Top 13 result was the 9th most surprising ever


Given the abysmal performance of the model in ranking the contestants in the Top 13, and given that M.K. being included was not foreseen at all (at least in my opinion), it’s worth asking how surprising this week’s result was compared to all other Idol episodes. There have been 89 episodes in the finals over 13 seasons, and of those this week’s was the 9th most surprising episode, putting it in the top 10% of episodes in surprising…ness.

This is how I reckon it. We can go back through all previous episodes and assign a probability of being not-safe in exactly the same way the model currently works. Then, we calculate the total probability of all the people who were actually safe and the total probability of all the people who were not-safe (bottom 3, eliminated, or saved). The ratio of these two is indicative of the expectations of the model, a “surprise index” or sorts.

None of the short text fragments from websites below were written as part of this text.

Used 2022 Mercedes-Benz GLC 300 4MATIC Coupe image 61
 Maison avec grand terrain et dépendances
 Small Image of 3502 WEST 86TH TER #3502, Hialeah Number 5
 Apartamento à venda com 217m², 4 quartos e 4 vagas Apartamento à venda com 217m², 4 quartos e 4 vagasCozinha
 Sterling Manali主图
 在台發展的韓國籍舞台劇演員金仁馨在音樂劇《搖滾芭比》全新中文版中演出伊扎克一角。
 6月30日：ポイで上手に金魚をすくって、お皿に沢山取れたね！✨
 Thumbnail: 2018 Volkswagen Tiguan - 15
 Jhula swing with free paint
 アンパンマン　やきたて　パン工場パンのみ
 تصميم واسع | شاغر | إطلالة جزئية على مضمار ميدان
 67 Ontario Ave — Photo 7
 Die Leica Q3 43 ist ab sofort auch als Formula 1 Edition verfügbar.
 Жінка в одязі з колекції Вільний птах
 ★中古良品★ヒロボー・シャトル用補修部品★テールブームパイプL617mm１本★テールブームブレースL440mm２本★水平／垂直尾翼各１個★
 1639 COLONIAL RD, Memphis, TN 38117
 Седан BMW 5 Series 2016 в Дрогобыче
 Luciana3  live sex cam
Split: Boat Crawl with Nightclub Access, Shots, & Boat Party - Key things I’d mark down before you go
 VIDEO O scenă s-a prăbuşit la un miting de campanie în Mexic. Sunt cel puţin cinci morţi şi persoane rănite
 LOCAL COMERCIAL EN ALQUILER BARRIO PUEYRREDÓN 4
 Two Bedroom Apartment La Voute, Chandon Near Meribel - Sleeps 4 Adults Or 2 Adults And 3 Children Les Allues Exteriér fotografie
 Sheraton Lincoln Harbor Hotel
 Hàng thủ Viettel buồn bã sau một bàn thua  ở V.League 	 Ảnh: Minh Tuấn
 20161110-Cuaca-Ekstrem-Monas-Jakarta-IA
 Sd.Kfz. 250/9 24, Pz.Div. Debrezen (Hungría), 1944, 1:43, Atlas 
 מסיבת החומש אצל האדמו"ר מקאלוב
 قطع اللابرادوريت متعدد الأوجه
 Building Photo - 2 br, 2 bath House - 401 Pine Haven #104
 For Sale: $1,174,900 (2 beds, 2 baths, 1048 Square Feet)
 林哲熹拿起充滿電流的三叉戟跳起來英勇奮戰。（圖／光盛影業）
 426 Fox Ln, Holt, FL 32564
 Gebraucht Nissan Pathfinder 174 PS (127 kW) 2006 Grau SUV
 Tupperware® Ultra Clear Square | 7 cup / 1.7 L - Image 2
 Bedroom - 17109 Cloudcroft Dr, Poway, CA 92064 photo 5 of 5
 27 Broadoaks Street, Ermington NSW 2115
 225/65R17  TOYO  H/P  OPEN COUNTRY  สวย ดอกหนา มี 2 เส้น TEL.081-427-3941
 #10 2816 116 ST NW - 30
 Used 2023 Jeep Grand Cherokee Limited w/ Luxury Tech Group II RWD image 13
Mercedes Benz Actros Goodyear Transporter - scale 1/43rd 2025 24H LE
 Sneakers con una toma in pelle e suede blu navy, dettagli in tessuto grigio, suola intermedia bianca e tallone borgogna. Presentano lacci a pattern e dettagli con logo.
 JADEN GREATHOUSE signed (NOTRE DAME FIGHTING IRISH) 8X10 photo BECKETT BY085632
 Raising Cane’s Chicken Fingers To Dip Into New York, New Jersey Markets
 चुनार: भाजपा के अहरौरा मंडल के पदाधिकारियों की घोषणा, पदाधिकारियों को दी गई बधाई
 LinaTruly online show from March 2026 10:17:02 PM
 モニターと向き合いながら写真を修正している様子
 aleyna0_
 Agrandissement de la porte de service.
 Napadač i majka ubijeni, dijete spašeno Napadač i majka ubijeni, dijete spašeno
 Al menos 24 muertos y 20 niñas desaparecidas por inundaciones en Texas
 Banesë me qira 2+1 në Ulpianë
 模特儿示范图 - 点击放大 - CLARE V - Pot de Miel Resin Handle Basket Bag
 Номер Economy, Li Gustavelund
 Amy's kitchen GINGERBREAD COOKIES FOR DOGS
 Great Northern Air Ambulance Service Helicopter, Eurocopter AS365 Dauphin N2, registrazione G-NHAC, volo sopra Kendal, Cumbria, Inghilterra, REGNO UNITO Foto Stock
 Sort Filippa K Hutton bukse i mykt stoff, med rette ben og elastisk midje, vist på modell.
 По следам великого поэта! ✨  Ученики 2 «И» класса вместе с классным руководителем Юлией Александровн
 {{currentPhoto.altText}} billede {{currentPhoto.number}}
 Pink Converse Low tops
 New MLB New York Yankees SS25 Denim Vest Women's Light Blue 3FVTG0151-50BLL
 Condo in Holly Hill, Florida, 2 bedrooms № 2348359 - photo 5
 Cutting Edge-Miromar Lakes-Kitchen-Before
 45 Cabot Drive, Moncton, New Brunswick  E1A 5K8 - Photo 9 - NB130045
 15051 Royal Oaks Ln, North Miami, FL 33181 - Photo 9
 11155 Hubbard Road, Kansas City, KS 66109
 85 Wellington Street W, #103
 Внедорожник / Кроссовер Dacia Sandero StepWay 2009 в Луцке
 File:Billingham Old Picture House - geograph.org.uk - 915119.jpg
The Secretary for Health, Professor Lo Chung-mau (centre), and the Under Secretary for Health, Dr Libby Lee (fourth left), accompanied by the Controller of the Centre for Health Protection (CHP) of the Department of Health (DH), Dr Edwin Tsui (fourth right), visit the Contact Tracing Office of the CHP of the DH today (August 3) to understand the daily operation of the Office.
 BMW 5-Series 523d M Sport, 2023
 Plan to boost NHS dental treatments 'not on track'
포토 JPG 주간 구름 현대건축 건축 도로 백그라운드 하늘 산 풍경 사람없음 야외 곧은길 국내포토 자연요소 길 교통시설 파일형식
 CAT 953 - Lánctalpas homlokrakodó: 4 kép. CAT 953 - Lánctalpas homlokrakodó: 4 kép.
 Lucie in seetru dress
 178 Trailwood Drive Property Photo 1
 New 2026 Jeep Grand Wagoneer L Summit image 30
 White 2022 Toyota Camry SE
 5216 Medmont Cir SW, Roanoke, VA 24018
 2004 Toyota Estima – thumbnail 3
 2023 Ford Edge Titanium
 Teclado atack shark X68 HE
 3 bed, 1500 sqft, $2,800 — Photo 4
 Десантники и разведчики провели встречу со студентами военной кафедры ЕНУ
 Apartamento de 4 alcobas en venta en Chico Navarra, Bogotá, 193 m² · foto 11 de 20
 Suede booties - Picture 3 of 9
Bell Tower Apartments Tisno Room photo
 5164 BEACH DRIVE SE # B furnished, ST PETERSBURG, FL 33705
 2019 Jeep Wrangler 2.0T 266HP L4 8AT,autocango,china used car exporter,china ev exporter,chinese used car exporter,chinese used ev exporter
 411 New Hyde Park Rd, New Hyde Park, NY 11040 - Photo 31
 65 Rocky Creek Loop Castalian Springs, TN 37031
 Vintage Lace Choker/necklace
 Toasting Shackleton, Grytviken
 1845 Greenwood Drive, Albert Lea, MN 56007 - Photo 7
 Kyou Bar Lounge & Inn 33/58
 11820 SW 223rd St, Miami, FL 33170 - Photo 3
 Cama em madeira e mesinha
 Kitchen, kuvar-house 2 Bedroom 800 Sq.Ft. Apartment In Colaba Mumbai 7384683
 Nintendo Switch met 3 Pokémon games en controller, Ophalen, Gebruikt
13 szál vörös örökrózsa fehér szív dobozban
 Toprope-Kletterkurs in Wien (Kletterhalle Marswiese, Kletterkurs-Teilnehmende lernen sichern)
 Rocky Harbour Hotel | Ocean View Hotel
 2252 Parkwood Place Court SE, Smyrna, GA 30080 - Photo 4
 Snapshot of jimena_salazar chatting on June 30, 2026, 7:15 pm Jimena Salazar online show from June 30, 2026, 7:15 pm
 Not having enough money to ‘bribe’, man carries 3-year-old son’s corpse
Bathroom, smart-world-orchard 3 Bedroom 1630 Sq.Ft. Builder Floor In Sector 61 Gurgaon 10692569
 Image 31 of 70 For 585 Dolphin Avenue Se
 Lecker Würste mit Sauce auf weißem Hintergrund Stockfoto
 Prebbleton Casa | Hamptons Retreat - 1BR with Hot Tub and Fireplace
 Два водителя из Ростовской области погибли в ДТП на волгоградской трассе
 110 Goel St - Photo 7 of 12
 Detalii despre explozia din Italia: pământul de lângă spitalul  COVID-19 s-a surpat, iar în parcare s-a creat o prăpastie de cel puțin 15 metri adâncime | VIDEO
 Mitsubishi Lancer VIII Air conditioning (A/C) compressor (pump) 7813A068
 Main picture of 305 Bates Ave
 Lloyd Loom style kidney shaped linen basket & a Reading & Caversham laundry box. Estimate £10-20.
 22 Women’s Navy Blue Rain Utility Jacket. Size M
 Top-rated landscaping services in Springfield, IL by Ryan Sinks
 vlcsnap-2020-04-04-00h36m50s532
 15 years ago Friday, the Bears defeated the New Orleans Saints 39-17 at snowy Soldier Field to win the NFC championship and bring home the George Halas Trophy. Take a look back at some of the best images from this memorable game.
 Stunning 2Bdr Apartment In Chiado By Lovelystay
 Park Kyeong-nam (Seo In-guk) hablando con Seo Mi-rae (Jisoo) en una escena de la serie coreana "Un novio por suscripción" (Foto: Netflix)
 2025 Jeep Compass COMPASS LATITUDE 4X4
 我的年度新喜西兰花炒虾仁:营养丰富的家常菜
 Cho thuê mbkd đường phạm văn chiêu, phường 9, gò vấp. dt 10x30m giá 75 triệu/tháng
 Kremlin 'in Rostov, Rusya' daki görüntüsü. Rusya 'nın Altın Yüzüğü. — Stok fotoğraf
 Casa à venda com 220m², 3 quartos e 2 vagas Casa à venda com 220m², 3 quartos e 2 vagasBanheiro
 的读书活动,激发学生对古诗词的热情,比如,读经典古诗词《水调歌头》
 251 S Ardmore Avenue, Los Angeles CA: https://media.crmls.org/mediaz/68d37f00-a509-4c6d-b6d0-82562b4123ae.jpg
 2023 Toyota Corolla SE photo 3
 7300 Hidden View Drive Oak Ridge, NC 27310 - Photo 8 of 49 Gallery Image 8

The most surprising episode of all time is Season 6’s Top 3. Melinda Doolittle looked like a lock for the finals, but Blake Lewis was instead voted through, a truly shocking result. The model assigned Melinda only a 6% chance of elimination, versus 22% for Jordin Sparks and a humongous 72% for Blake. She lead on all indices: WNTS, Votefair, and Dialidol. Nobody called that.

Season 10 makes up 3 of the top 10 most surprising episodes. There was James Durbin’s elimination in the Top 4 of season 10, Jacob Lusk hanging on in the Top 6, and, of course, the stunning bottom group of the Top 11 that same season, in which Casey Abrams had to be saved by the judges (the model considered Naima Adedapo a goner for sure).

This past Thursday was slightly less surprising than all of those, but only slightly. This isn’t so much because Malaya or Kristin were in the bottom 3, but rather that C.J., Ben, and Dexter weren’t, and M.K. was. These didn’t seem very likely based on the numbers, but I don’t think they were out of line with my gut feeling.

I’m currently withholding judgement about Dialidol as an indicator. Signs point to its possible irrelevance, given the move toward internet voting. Moreover, its huge volatility was the only reason Kristin wasn’t declared the most likely to go home by the model. If another week like this happens, it will have to be pulled from the model consideration.

Bookmark the permalink.
  • Chris Biehn

    I enjoy your blog and am just getting caught up over the past couple of weeks. You may want to consider replacing dialidol with the results of one or more of the many polls that go up after each performance night. Mjsbigblog, Michael Slezak and come to mind. I don’t know if that would have altered the prediction for top 13, but for what it’s worth, the poll had MK’s performance rated toward the bottom.

    Also, at the risk of making this more complicated than you want to, you may also want to consider applying some kind of “gender factor”, especially for the earlier rounds where females always seem to be more at risk.

    • Reuben

      Both are fine ideas, and I may do so. Two points

      1. I can, of course, include anything I want in it. But the risk one runs is that if you don’t know how historically accurate the poll is, you don’t really know how to calibrate the poll in your findings. When a poll is scientific, this isn’t an issue. But when a poll is unscientific, the poll is getting information on some subset of people, and that subset may be quite bad at predicting. So I need the poll, and to know how the poll has done in the past. MJs polls will take some time to go through and tabulate.

      2. I think I said this way back when, but even if I did it’s worth repeating. I investigated incorporating gender into the ratings, and it’s just too unreliable. As often as it corrects a prediction, it makes something else wrong somewhere else. I believe, personally, that gender is partially incorporated into WNTS ratings and so forth. I was unsuccessful at improving the model’s accuracy with gender.